Habrá que entender que estamos muy lejos de eso y es precisamente por ese motivo que existe un enorme movimiento (sin duda heterogéneo) que busca alcanzarlo. Porque, por sorprendente que parezca, en buena parte del mundo se le paga menos a una mujer que a un hombre por realizar el mismo trabajo o sencillamente se le considera incapaz de llevar a cabo ciertas actividades. Igualdad también implica respeto: a su persona, a su psique, a su cuerpo. Y vaya que cada calle donde alguien lanza una mirada lasciva o pronuncia una palabra vulgar está lejos del respeto.


Así, pues, falta mucho para alcanzar la igualdad de género. La pregunta es qué hacer para ello. Uno puede quedarse sentado esperando que suceda por sí solo o bien puede esforzarse por concientizar a las personas o puede llevar esos temas a la agenda política de un gobierno. El 8M, el Día Internacional de la Mujer, da una buena idea de lo que hace el movimiento feminista en cada país. En México, aunque también hay enormes muestras de feminismo, casi siempre vi que tal fecha era una celebración para la mayoría de las personas: se felicitaba a las mujeres y en los restaurantes les obsequiaban una flor. La realidad es que no es sólo ridículo celebrar la fecha (pues, entre otras cosas, se recuerda la muerte de varias personas), sino que además es desaprovecharla. En España han dado una muestra de lo que se puede hacer con ella: convocar una huelga y salir a las calles. Con el lema “Si nosotras paramos, se para el mundo”, la huelga hace ver a cualquiera el papel fundamental que hoy ocupan las mujeres en todas las esferas sociales. Y si a alguien le queda duda de que la igualdad de género es una transformación que la sociedad quiere alcanzar, los miles de manifestantes se lo harán saber.

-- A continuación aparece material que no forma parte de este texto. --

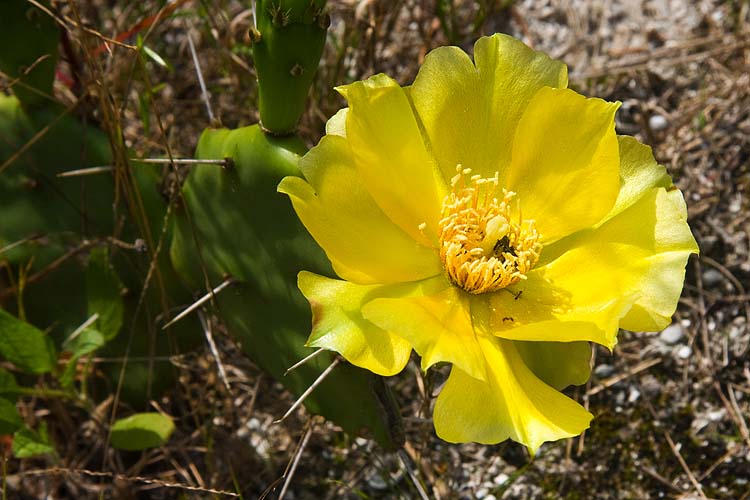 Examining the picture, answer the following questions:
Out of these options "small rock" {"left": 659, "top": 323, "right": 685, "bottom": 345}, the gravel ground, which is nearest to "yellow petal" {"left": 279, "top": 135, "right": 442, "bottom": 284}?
the gravel ground

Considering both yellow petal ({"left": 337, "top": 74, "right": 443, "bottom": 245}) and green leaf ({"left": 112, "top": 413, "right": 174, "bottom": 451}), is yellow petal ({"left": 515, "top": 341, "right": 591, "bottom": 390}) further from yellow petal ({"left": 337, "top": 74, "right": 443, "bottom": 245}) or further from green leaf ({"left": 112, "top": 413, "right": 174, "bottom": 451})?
green leaf ({"left": 112, "top": 413, "right": 174, "bottom": 451})

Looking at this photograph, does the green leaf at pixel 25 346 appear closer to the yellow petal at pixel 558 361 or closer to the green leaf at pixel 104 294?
the green leaf at pixel 104 294

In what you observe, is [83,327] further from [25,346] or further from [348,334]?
[348,334]

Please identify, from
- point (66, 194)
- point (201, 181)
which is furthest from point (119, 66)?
point (201, 181)

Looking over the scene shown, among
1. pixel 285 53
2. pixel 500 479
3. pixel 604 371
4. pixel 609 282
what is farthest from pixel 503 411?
pixel 604 371

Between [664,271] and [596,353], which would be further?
[596,353]

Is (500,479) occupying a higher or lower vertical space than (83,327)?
lower

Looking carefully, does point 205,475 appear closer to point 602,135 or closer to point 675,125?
point 602,135
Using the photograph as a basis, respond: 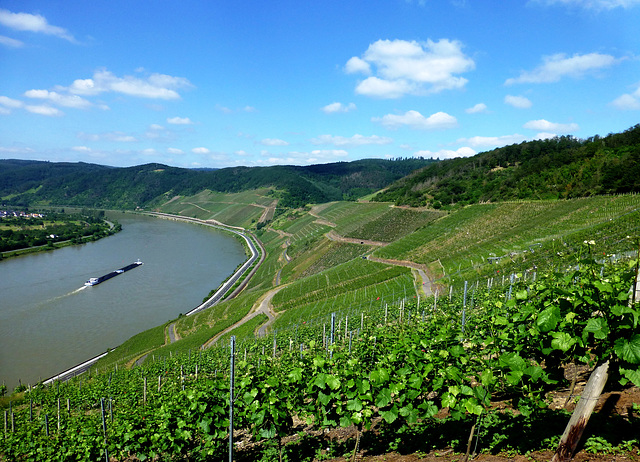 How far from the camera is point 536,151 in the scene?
348ft

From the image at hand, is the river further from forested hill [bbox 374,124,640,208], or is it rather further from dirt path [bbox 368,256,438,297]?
forested hill [bbox 374,124,640,208]

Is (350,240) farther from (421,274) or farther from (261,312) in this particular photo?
(261,312)

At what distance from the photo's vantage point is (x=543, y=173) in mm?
76625

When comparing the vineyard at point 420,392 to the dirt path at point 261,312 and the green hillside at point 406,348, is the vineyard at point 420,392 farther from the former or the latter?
the dirt path at point 261,312

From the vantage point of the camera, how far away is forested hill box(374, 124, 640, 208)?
56441 mm

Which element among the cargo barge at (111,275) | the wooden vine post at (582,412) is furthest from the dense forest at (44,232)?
the wooden vine post at (582,412)

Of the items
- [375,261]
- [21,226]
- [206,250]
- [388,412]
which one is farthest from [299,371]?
[21,226]

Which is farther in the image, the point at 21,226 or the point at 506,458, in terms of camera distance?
the point at 21,226

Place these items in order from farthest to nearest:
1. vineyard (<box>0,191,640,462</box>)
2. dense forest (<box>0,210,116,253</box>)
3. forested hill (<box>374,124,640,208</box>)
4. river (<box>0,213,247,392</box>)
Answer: dense forest (<box>0,210,116,253</box>) < forested hill (<box>374,124,640,208</box>) < river (<box>0,213,247,392</box>) < vineyard (<box>0,191,640,462</box>)

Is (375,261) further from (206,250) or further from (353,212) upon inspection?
(206,250)

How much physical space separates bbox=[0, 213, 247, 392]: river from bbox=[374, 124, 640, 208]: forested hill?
5667 cm

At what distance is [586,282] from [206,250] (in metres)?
105

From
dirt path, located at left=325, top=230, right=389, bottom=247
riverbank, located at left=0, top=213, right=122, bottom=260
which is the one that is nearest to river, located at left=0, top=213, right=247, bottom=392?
riverbank, located at left=0, top=213, right=122, bottom=260

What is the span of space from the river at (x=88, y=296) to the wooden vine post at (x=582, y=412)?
4108 centimetres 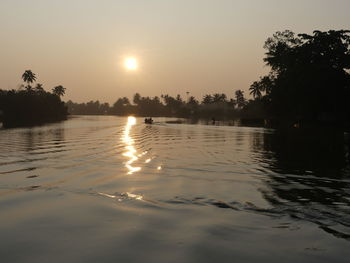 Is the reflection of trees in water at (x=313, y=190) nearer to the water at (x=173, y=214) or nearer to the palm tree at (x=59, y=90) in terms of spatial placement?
the water at (x=173, y=214)

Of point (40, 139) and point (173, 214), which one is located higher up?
point (40, 139)

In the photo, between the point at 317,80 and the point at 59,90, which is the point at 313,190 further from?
the point at 59,90

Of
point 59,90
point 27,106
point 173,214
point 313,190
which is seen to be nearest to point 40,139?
point 313,190

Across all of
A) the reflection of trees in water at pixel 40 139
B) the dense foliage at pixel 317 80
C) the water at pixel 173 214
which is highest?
the dense foliage at pixel 317 80

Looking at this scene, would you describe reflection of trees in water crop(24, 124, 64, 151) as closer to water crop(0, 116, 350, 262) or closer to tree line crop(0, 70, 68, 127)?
water crop(0, 116, 350, 262)

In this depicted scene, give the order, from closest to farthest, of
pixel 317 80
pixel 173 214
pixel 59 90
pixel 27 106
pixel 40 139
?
pixel 173 214 → pixel 40 139 → pixel 317 80 → pixel 27 106 → pixel 59 90

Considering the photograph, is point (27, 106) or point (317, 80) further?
point (27, 106)

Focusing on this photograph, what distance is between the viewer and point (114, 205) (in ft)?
Result: 34.0

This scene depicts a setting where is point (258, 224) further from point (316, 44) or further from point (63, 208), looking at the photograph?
point (316, 44)

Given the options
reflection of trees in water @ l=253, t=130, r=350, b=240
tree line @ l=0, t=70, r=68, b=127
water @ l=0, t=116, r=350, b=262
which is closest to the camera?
water @ l=0, t=116, r=350, b=262

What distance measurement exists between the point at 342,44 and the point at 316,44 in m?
4.15

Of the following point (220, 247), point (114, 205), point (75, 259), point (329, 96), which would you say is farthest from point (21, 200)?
point (329, 96)

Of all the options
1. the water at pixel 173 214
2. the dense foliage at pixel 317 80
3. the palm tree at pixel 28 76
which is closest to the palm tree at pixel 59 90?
the palm tree at pixel 28 76

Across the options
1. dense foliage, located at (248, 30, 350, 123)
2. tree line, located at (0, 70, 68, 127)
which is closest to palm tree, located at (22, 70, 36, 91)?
tree line, located at (0, 70, 68, 127) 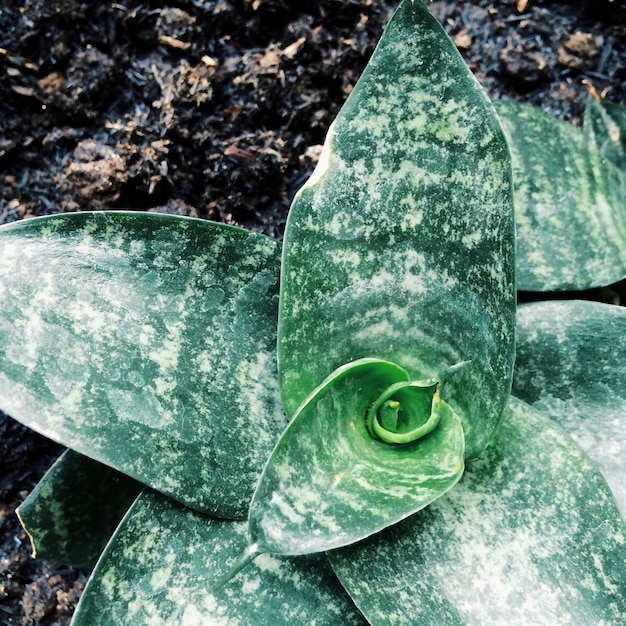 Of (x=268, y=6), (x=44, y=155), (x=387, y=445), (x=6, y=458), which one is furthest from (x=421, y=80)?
(x=6, y=458)

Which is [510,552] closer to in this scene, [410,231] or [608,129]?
[410,231]

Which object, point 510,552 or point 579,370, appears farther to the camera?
point 579,370

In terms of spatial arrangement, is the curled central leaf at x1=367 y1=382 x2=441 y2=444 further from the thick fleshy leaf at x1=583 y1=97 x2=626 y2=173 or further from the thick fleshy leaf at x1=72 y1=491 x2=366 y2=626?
the thick fleshy leaf at x1=583 y1=97 x2=626 y2=173

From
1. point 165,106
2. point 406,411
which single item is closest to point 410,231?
point 406,411

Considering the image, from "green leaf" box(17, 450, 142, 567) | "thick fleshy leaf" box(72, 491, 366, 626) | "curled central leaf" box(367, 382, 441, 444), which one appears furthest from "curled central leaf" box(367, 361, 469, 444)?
"green leaf" box(17, 450, 142, 567)

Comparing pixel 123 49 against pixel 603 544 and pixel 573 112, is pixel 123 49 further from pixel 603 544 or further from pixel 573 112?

Este 8 de marzo vi un mar entero moverse por la Gran Vía de Madrid. Mujeres, hombres, niñas, niños, adultos mayores… Todos marchaban. Exhibían todo tipo de carteles con leyendas como “Juntas y sin miedo”. Algunas consignas hacían referencia a la situación de inseguridad: “Mamá tranquila, hoy no voy sola a la calle”, “No es no” y “Ni una menos”. Otras reivindicaban el movimiento a través de comparaciones históricas: “Somos las nietas de las brujas que no pudisteis quemar.” Era una verdadera demostración de lo que busca la sociedad.


Junto con otros amigos latinoamericanos, yo no podía creer la diferencia que había entre las felicitaciones a las mujeres en México y la participación multitudinaria en la manifestación pública en España. El 8M era un día aprovechado a consciencia para difundir el mensaje: tenemos que llegar a la igualdad de género cuanto antes y para eso debemos involucrarnos todos. Por ello, mi fotografía favorita de cuantas tomé esa noche fue la que aparece en esta entrada de mi blog: un padre y una niña abrazados viendo la manifestación pasar. Lo dice todo. Yo imagino que él le murmuraba: “Mira, todo esto es para que cuando crezcas, las cosas sean diferentes.”